___ THE DATA

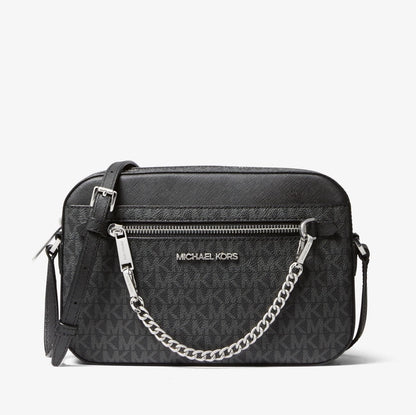 Michael Kors Jet Set Large Logo Crossbody Bag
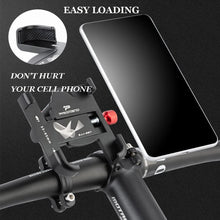2025 Motorcycle Bike Phone Holder Mount Moto Bicycle Handlebar Bracket 360 Rotating Cell Phone Stand for Motorcycle Bike Scooter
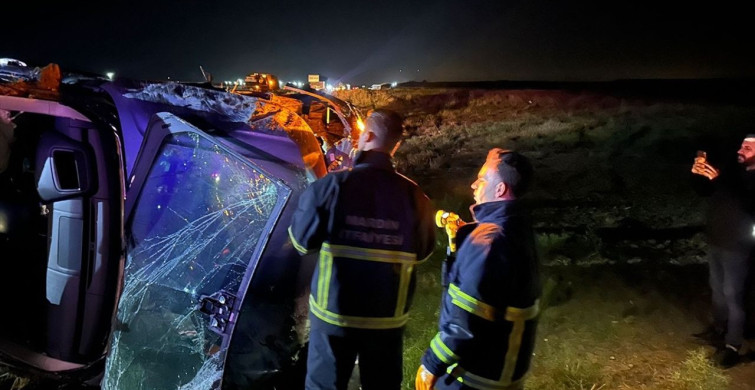 Mardin'de Cip Devrildi: 4 Yaralı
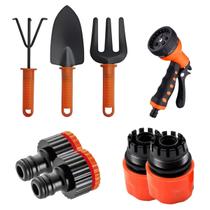 Kit 3 Ferramentas 2 Conectores 2 Bicos Engate Esguicho Kit 3 Ferramentas 2 Conectores 2 Bicos Engate Esguicho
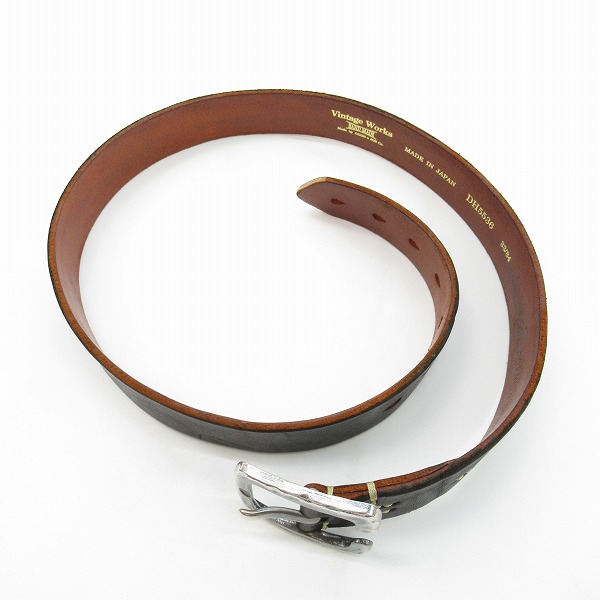 実際に弊社で買取させて頂いたVINTAGE WORKS/ヴィンテージ ワークス レザーベルト DH5536 33/84の画像 8枚目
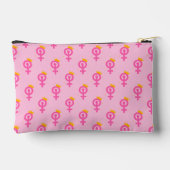 Pochette À Accessoires Rose Féministe (Verso)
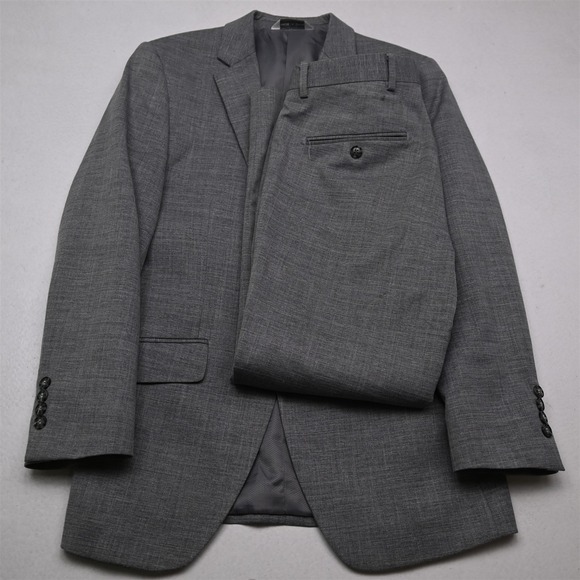 Lineage 34S 30x28 Gray Mens Jacket Pants Suit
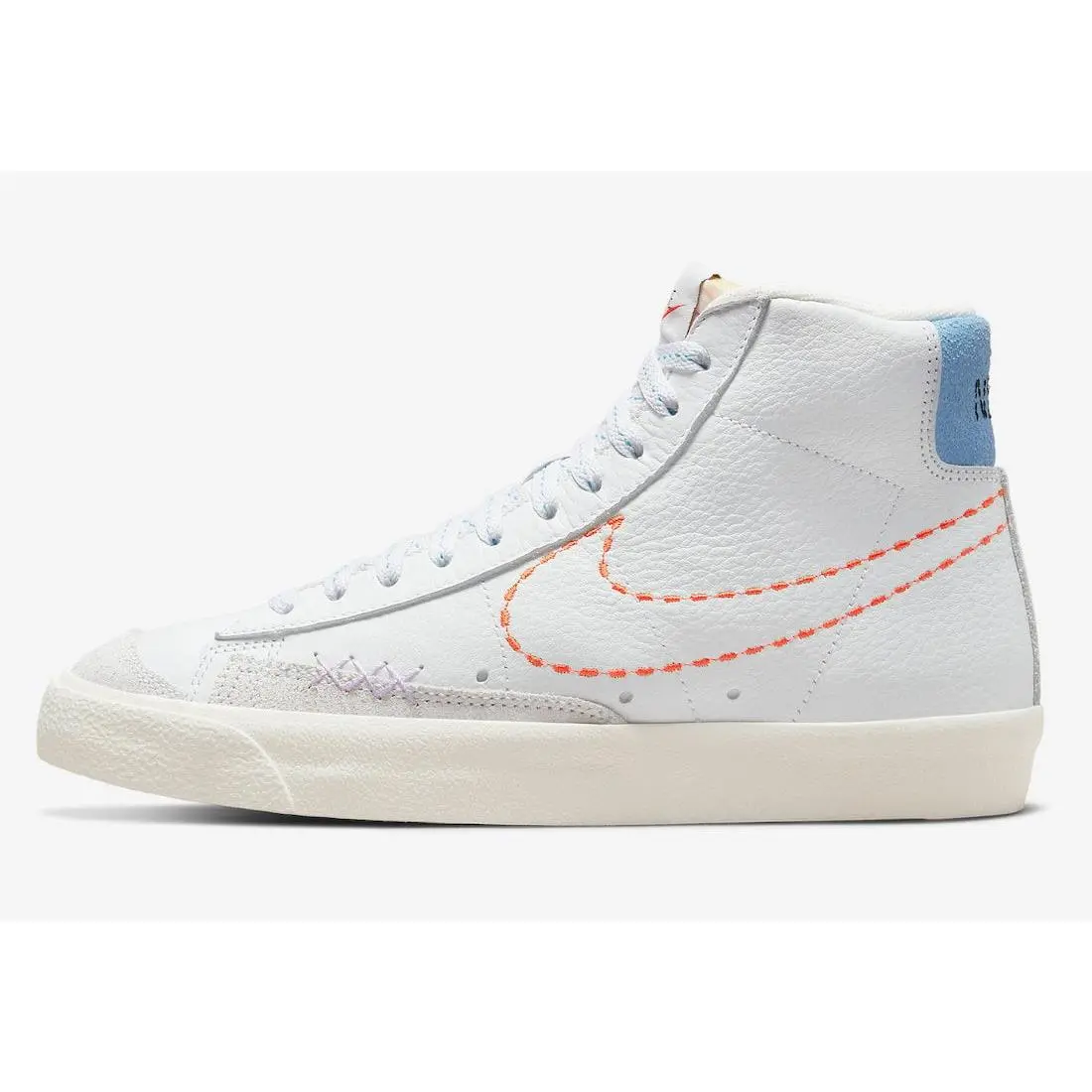 Nike shoes - White, Safety Orange, Lilac 7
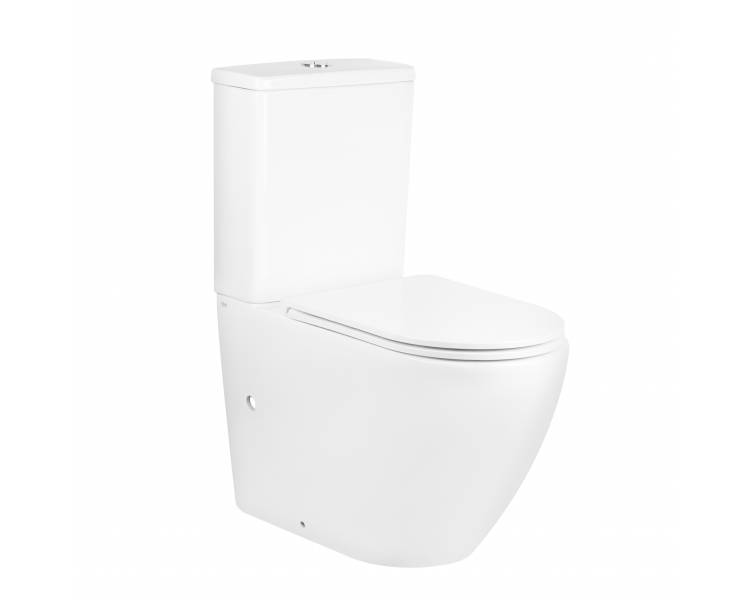 Унитаз-компакт Qtap Robin безободковый с сиденьем Soft-close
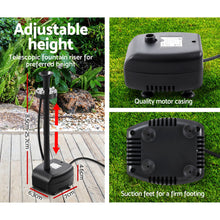Load image into Gallery viewer, Solar Pond Pump with Battery Garden Water Fountains Panel Kit LED Light 5 FT - Oceania Mart
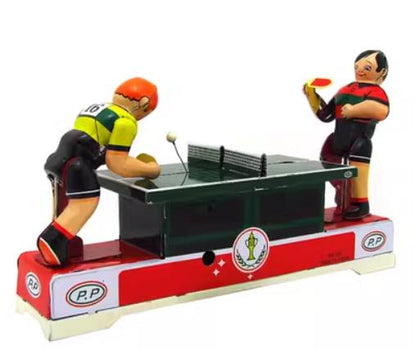 Collectable Vintage Classic Wind-up Metal Tin Toys MS358 Table Tennis Playing Ping Pong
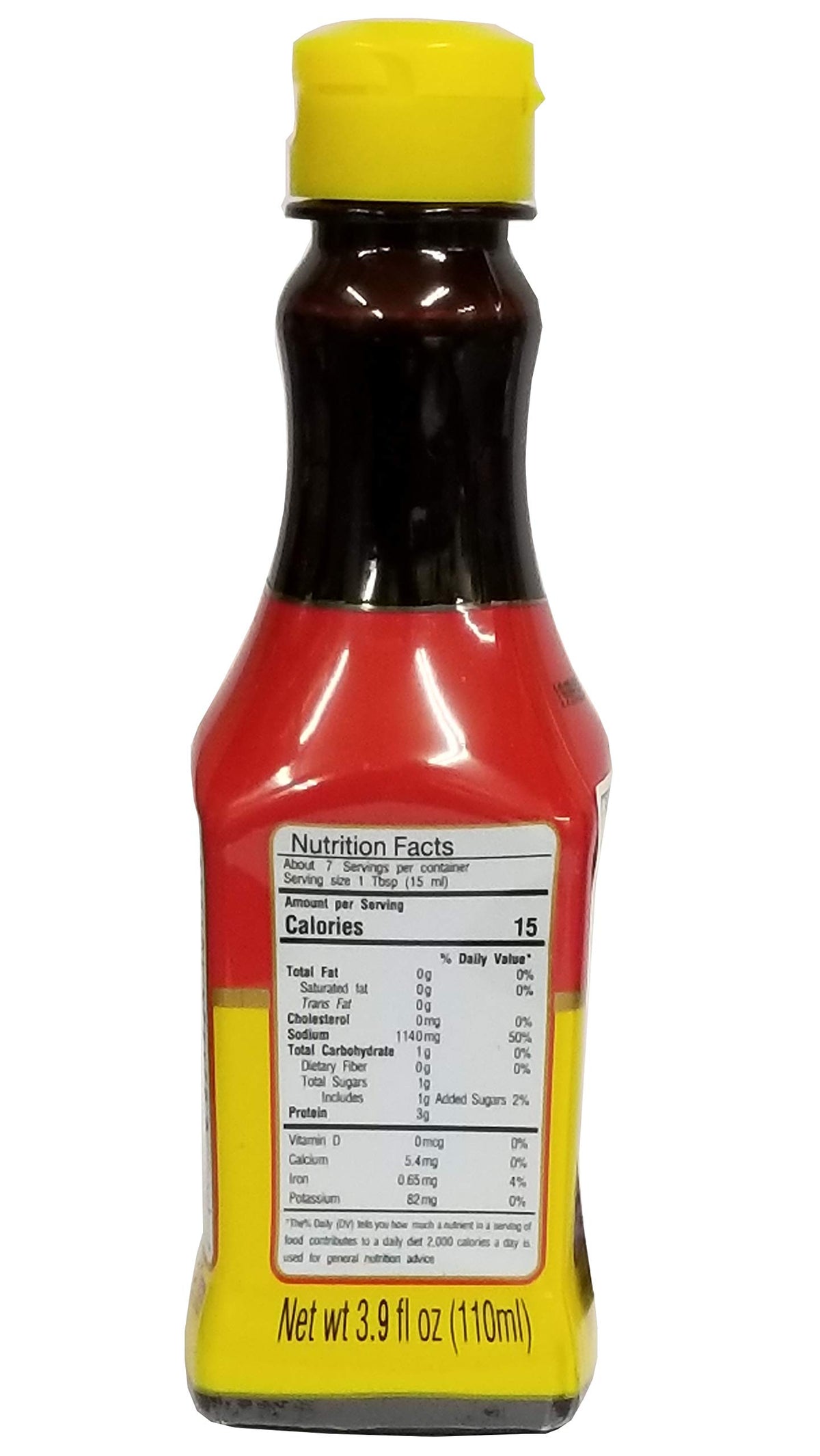 Soy Bean Sauce 3.3 fl oz by Golden Mountain – 13.6 cm (H) x 4.2 cm (W) x 4 cm (L)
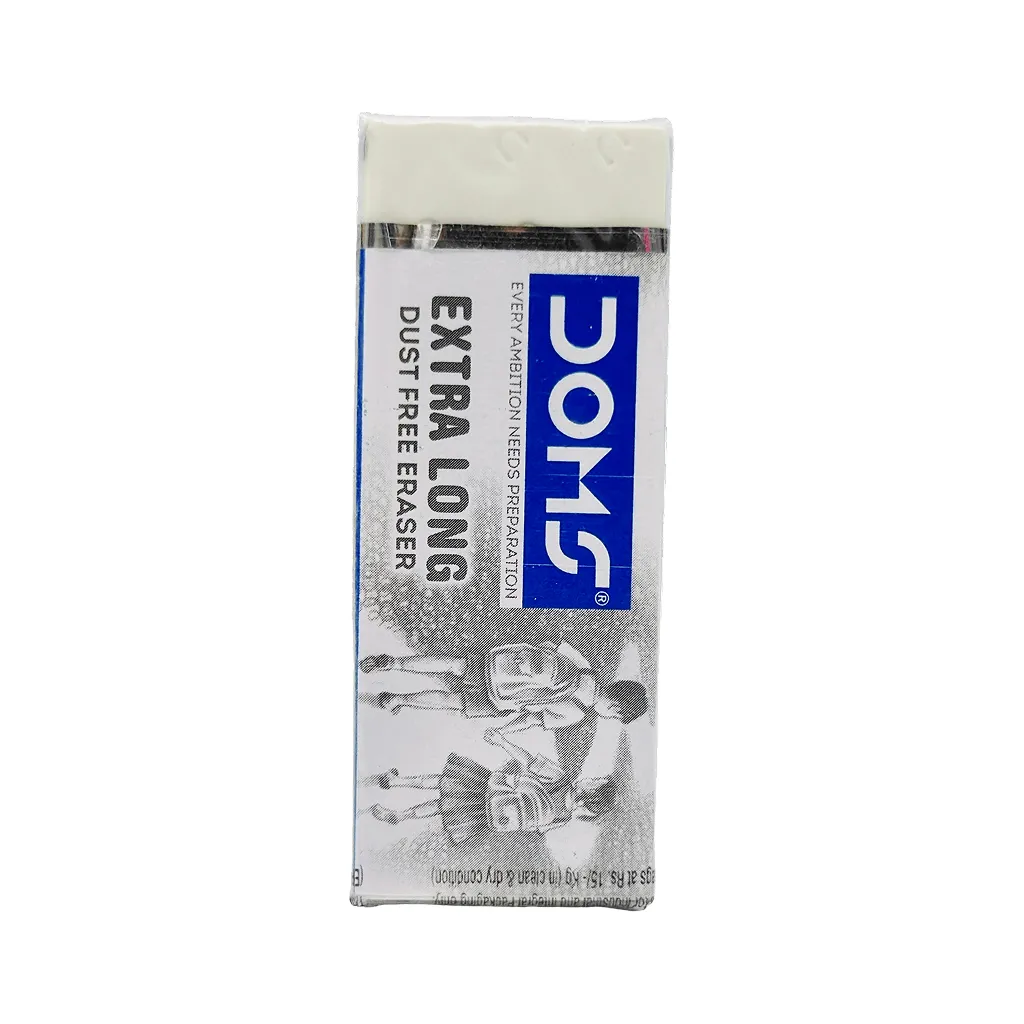 DOMS EXT-LONG COLORED ERASER 1 PC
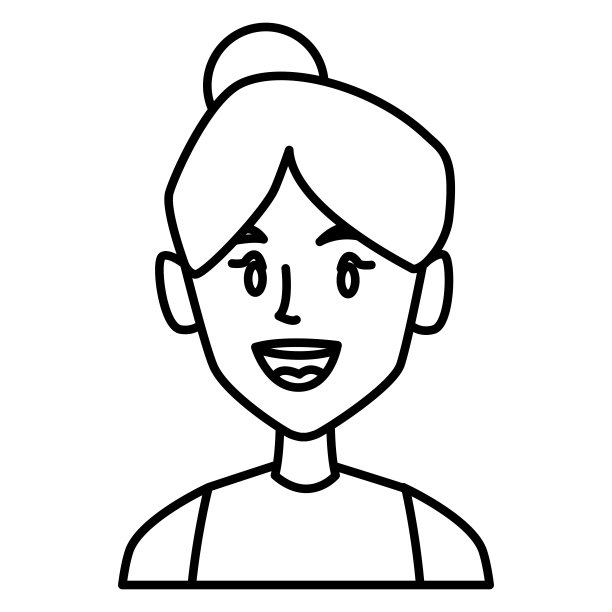 美丽女人的笑脸图片下载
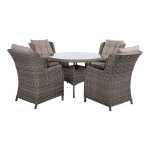 Aiamööblikomplekt TRENTO laud ja 4 tooli - Image 2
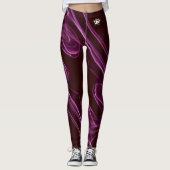 Blonde & Broke - Gepatterde Leggings - Witte Logo (Voorkant)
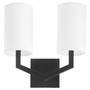 Bolivar 2 Light Wall Mount - Black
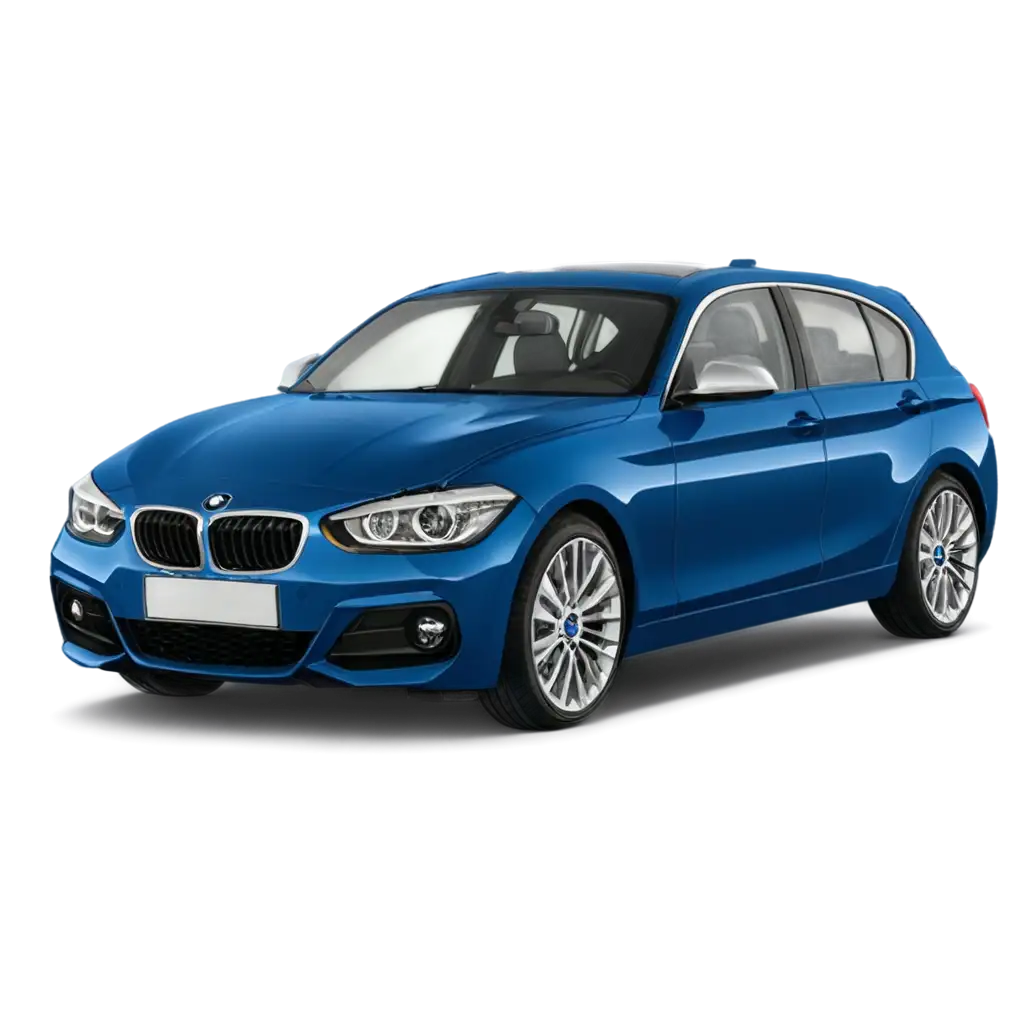 BMW 1 series blue color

______

DIRECTIONS: Could you reproduce exactly, and only, the lines from the start of the records through the line containing "実際に弊社で買取させて頂いたVINTAGE WORKS/ヴィンテージ ワークス", leaving out the pictures?

RESPONSE BOX:
 Michael Kors Jet Set Large Logo Crossbody Bag
2025 Motorcycle Bike Phone Holder Mount Moto Bicycle Handlebar Bracket 360 Rotating Cell Phone Stand for Motorcycle Bike Scooter
 Mardin'de Cip Devrildi: 4 Yaralı
 Kit 3 Ferramentas 2 Conectores 2 Bicos Engate Esguicho Kit 3 Ferramentas 2 Conectores 2 Bicos Engate Esguicho
 実際に弊社で買取させて頂いたVINTAGE WORKS/ヴィンテージ ワークス レザーベルト DH5536 33/84の画像 8枚目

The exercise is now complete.